Today, we, the members of the John F. Kennedy Institute for North American Studies at Freie Universität Berlin, declare solidarity with all those protesting for justice, for equal application of the law, and for an end to anti-Black violence and oppression.

A white police officer in Minneapolis killed George Floyd on May 25th. This was the third such high-profile killing in recent months, following the deaths of Breonna Taylor in her home and Ahmaud Arbery while jogging. Protests following the release of a video of George Floyd’s death, first in Minneapolis and then across the United States, have been met by escalating police violence and incendiary government rhetoric. We state here some of the names of those who have been killed, and we will continue to say and state their names and those of the many victims of racialized violence in North America, in Europe, and in Germany. We condemn white supremacist violence, including police brutality. We will continue to do so in our scholarship, our teaching, and our public outreach. 

As an institute representative of German academia, we acknowledge our own privilege. We acknowledge that we as an institution have too often remained silent on the subject of white supremacy. We acknowledge that we as scholars have studied racialized violence in the United States while failing to address structural racism in our own institute. The whiteness of our faculty encapsulates a crucial element of the problem the current protests address, and evidences the colonial, imperial legacies we have inherited and continue to perpetuate. We commit as an institution and as individual academics to hiring tenured and long-term faculty members of color in addition to the PhD students, adjunct faculty members, and the many visiting scholars who have contributed to critical race studies at our institute. A statement of solidarity is only a start. We must fare better at acknowledging and amplifying the voices of individuals and groups who experience racism, racist violence, systemic oppression and discrimination.

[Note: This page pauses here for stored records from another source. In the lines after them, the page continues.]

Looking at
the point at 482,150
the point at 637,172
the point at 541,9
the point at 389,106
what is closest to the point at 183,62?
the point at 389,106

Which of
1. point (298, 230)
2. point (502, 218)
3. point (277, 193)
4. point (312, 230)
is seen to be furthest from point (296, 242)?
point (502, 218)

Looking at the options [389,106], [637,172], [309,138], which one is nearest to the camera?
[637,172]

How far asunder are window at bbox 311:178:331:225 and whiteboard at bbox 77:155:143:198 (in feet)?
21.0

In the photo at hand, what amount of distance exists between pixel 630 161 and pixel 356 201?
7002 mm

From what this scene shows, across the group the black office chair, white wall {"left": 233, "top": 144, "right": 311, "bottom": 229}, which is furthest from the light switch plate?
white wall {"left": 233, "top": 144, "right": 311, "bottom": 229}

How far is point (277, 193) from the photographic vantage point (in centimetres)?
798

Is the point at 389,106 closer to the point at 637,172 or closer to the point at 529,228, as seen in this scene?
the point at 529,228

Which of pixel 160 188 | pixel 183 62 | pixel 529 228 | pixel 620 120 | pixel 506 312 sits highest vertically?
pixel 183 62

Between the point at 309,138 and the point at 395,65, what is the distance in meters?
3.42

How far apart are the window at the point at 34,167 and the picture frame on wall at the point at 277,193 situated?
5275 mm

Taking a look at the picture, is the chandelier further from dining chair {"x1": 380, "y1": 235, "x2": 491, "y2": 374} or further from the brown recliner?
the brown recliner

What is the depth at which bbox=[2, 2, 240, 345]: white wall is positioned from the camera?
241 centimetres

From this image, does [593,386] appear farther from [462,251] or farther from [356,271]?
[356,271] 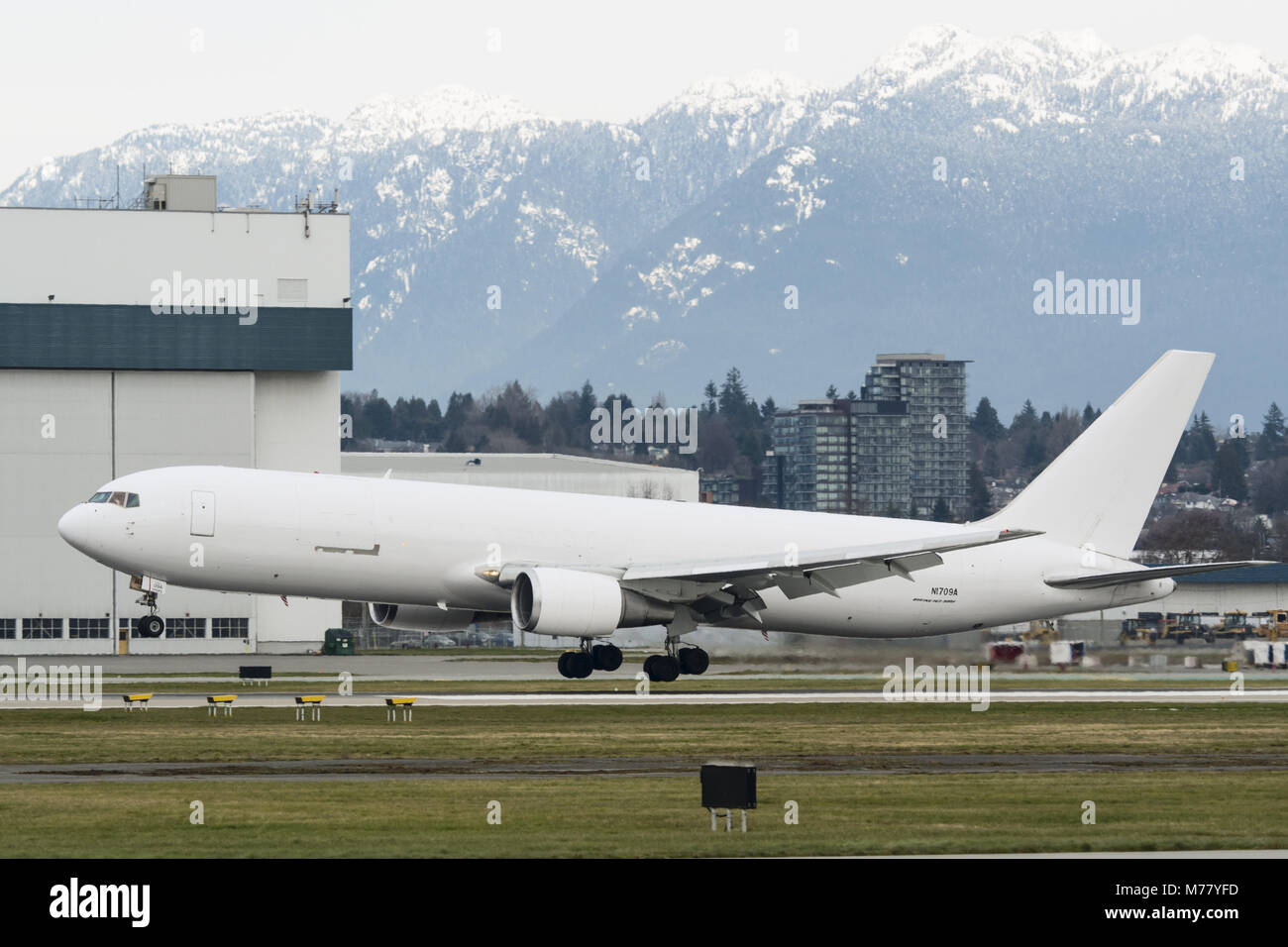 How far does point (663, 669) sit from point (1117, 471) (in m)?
13.9

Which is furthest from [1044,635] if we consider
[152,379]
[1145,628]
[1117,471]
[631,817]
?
[631,817]

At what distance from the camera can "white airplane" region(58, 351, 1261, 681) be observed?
4303cm


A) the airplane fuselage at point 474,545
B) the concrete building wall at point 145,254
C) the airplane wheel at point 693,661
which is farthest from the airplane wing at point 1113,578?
the concrete building wall at point 145,254

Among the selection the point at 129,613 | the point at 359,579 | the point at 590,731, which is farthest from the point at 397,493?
the point at 129,613

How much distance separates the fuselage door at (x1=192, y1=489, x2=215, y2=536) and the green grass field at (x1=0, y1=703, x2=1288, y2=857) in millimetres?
4129

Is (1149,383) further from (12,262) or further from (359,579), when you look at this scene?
(12,262)

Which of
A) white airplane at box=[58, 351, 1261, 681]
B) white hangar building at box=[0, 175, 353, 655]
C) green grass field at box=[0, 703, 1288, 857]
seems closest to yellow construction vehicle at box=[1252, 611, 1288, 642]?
white airplane at box=[58, 351, 1261, 681]

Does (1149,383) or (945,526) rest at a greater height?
(1149,383)

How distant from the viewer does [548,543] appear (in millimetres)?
46062

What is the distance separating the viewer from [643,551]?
1852 inches

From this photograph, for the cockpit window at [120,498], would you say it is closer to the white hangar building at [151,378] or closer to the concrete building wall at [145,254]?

The JFKI is an institution with an important, though often romanticized, history of protest and political activism. It is also a transatlantic forum of exchange where scholars such as Audre Lorde have inspired anti-racist research and teaching in the past. During this unprecedented period, we commit to using the remainder of the digital semester (and beyond) to strive to live up to this legacy. We will use our positions as scholars and teachers to raise awareness of the history and current impact of racism in the United States and in our own lives via open reading lists, extensive media outreach, online public discussions, and student-led initiatives.